Mendes’ schedule has always been a hurdle to overcome in getting “Charlie” to Broadway, which opened in London in the summer of 2013 but has long targeted a Broadway bow during the 2016-17 season, in part due to the director’s intervening work on the Bond franchise films “Skyfall” and “Spectre.” “Charlie” remains on track for New York in 2016-17, with some creative tinkering likely to be done before then (although what, exactly, will be tweaked under the new director remains to be determined).
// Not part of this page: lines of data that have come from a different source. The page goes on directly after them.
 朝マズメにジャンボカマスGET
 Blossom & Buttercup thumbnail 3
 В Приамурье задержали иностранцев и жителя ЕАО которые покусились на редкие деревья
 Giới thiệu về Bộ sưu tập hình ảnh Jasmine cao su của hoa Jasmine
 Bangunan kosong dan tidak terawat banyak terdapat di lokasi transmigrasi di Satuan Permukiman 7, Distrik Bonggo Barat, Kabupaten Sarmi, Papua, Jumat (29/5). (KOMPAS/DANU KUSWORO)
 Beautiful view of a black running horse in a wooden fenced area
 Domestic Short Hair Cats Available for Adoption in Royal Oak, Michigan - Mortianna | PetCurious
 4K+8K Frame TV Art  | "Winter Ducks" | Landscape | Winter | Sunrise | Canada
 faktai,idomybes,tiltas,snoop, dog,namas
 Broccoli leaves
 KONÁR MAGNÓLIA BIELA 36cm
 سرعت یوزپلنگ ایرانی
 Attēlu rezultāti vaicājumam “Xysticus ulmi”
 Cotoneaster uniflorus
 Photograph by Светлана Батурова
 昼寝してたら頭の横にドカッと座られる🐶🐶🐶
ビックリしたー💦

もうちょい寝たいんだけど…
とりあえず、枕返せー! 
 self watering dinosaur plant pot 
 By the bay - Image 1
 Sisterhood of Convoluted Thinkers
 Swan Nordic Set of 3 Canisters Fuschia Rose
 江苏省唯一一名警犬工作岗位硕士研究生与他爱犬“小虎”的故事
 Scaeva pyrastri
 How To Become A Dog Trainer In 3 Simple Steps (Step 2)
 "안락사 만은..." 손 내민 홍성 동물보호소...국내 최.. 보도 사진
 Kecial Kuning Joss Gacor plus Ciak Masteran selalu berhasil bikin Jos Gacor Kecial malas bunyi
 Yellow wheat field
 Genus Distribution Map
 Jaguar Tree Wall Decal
Although reps for “Charlie” wouldn’t confirm the involvement of O’Brien, the director would make an obvious choice for the project. O’Brien has previously worked with “Charlie” songwriters Marc Shaiman and Scott Wittman on both “Hairspray,” the Tony-winning hit that ran on Broadway for six and a half years, and on the shorter-lived musical adaptation of “Catch Me If You Can.”
Producers Warner Bros. Theater Ventures (Mark Kaufman), Langley Park Productions (Kevin McCormick) and Neal Street (Mendes, Pippa Harris, Caro Newling) expect to confirm the new director in the coming weeks, with the exact Broadway timeline still to be locked in.